Friday, July 27, 2012

Racist?

From a recent online discussion, where an old best friend posted a picture of Morgan Freeman informing his interviewer that the way to solve problems of racism is, "Stop talking about it." After an involving argument with his cousin, the conversation was nearly put to rest when his cousin suggested I get over my harsh, racist experiences because everyone experiences inadequacy over skin color, including white people. (And she has a number of non-white friends, she says, so she also doesn't feel she is a racist person.) I got angry, and what follows is my angry reply. I post it here because, frankly, I'm sick of having to repeat myself whenever I hear this. So now it's here.

Perhaps you, as a white person, feel you've felt inadequacy over skin color. To be honest, I have no idea how it would be similar to mine, or my family's, or anyone else I know who isn't white -- and it is, at the least, arrogant of you to presume it's similar.

I've been kept from hanging out with neighborhood kids, held up in a Harmon's on false theft accusations when I was nine, prevented from dating a ton of white people (who specifically told me it's because I'm not white), limited in my academic field, certain kinds of marginalization and stereotyping in my middle/high school years and at church, called racial slurs and spat at, kept ignorant of my cultural history -- and in my darkest moments, each time those things happened a part of me desired to have white skin.

Have you ever been rejected by a lover because of your skin color? Has your heritage ever been completely obscured by the celebrations of another race? Have you ever had someone call you a dirty name, then spit at your feet, and tell you it's because of your skin color? Has a professor ever told you to specialize in studying the history of your skin color because everyone else in the department gets to study anything else? Have you ever spent lonely days or lonely nights staring at your skin, and wishing there was just a little bit more white, and not darkness? I'm talking about a very profound sense of alienation, social marginalization, and self-loathing. And every non-white friend I have knows what all of this is like. And you're telling me you've "in your own way" felt this desire, this wishing, and the endless guilt that follows? NO. You have not.

It is a slap in my face to say "...oh yes, us 'whites' feel it too." No alienation or inadequacy you think you've felt over having white skin could possibly compare or relate to the alienation and inadequacy over *not* having white skin in me, or my African American girl friend, or my Mexican/Chilean American girl friend, or my guy friends from Pakistan and Afghanistan, or my co-worker from the Dominican Republic, or...A white person trying to argue that everyone feels the hatred and inadequacy of racism is mocking, and it's offensive. I'm sure you didn't intend to be offensive -- but that's very offensive. And it is precisely the ignorance in that attitude I'm identifying as racist.

Of course "hatred and intolerance of another race extends past 'whites.'" But you have entirely missed my point if you think that's it, and we should all just move on. Racism is not a universal behavior, like there is no banality of evil; the song from 'South Park' about how "everybody's a little bit racist" is a bunch of hogwash that only perpetuates the same broken ideology contemporary racism embraces.

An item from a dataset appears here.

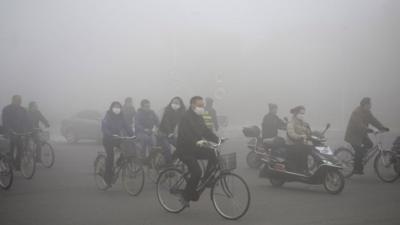 People ride along a street on a smoggy day in Daqing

For racism to continue, in fact, it needs white people to publicly say things like, "I've dealt with racism even as a white person; we all have to deal with racism, so let's all be equal." Racism doesn't work like that, and every day it's more and more unfortunate less and less people with white skin fail to understand this.

I'm not the only one to deal with this issue, but until everyone (especially white people) realizes that I and others like me shouldn't have to be the only ones who think critically and authentically about racism, then it will always be a problem for you and me and everyone else. And the kind of thinking you've demonstrated is proof no matter how informed you believe you are about racism, and no matter how many friends you have of diverse ethnicities, you still don't get it.

Saturday, July 7, 2012

A Better Devil

From a recent correspondence with my cousin, over recent LDS church actions in Provo.


Hey, my young cousin. I think much has already been said for you to think about. 


Let me answer some of your questions directly -- beginning with your question about why I am playing devil's advocate, when the devil is (as you put it) "inherently evil" and, therefore, what makes me better than those leading the church whom I accuse of evil. 


 A lot of Mormons I know often indulge in an image of apparent self-victimhood, and I think it's pathetic. If members were actually challenged with legitimate criticisms, frank evaluations, and provocative questions, perhaps the church might have more to offer the world.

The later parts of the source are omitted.